# NCP bungalow - Sussex - July 2017



## Gromr (Jul 16, 2017)

A weird little bungalow used by NCP parking, well into the stages of decay. 

*History*

Left empty at some point in 2001/2002, this little bungalow seems to have had an admin role in NCP (National Car Parks).
With lots of blank tickets and financial earning documents left around, it seems this was used as an administration hub for the area.

There are two NCP booths here too from two different car parks. 


*The Explore*

A nice easy local one, although it does back onto someones back garden, so I had to be careful not to be too noisy here. 
It's in a ruined state and didn't have anything too amazing left apart from a couple cars. 



*Photos*


----------



## krela (Jul 16, 2017)

How bizarre?!


----------



## Electric (Jul 16, 2017)

What!

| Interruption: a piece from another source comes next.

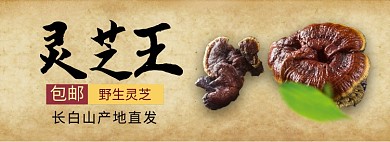 靈芝王淘寶banner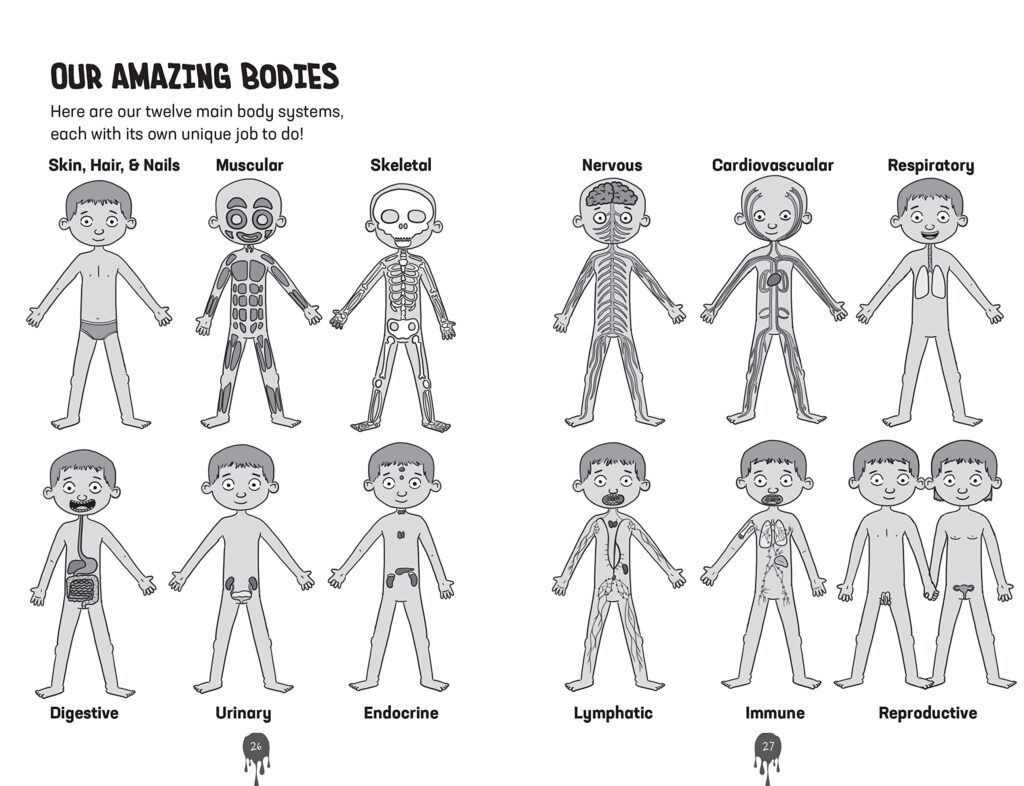 Bodies, Brains & Boogers is the approachable, fun way that ages 8 and up can learn about their bodies with humor and gross, interesting facts.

No fuseboard shots? That one looks to have two meters and I'm getting over excited.

Interesting one Gromr.
Wouldn't it be great if all workplaces had a swimming pool in the countryside?


----------



## smiler (Jul 16, 2017)

That is a delightful find Gromr, I enjoyed it, Thanks


----------



## pineapplesnail (Jul 16, 2017)

So glad someone was here to tell me that's a pool. How cool.


----------



## Dirus_Strictus (Jul 17, 2017)

Pity the Austin Atlantic is in such a mess.


----------



## Sam Haltin (Jul 17, 2017)

The house is in such a mess. Must have been used as a canteen for the NCP workers. As DS has identified the Austin Atlantic but the other car looks like a Rover 2000, but I could be wrong.


----------



## mookster (Jul 17, 2017)

The other car is indeed a Rove P6/2000, the Austin Atlantic is a very rare beast indeed.


----------



## jsp77 (Jul 17, 2017)

What an interesting find Gromr, those cars still appear half decent. A shame to see them just left to the elements.


----------



## Rubex (Jul 18, 2017)

The cars are cool! Nice find and pics.


----------



## Brewtal (Jul 20, 2017)

Another great find mate, love the cars!


----------



## Potter (Jul 26, 2017)

Hmm, this place has a certain character. That's cool with the cars. I wonder if they could be restored?


----------



## urban-dorset (Jul 26, 2017)

I like that little bungalow!


----------



## Dirus_Strictus (Jul 27, 2017)

Potter;345398 I wonder if they could be restored?[/QUOTE said:


> One can restore anything if you have the cash, and can source missing parts. However the Rover is not really worth doing - plenty of restored ones available at below the probable cost of restoring this one that has such a bad interior and missing panels. As for the Atlantic, looking at rear end this one has got terminal floorpan rot, missing trim and glass, with a very bad interior. Been there, done that on an Atlantic and a Nash Metropolitan many years ago when a mate and myself did old vehicles up - scrap yards were full of old stuff which you could get for a song when the first MOT tests struck home. Our best find was a pre-war Frazer Nash-BMW which we got roadworthy and then traded for a big Healey. The Healey was a good sprint car, but we should have stuck the Nash in the back of the barn - worth a goodly amount of readies today! But we were young and the good scrap yards were full of interesting MOT failures. Happy days!


----------



## Arron.pitches (Jan 18, 2018)

Derelict cars really upset me, what a shame! Cool find! Any other threads with this place?


----------



## Safe Breaker (Jan 19, 2018)

Excellent set here. I hadn't heard of a an Austin Atlantic so I googled it lol and found one for sale for £32,000 very interesting but looks very rotten from the pics.....


----------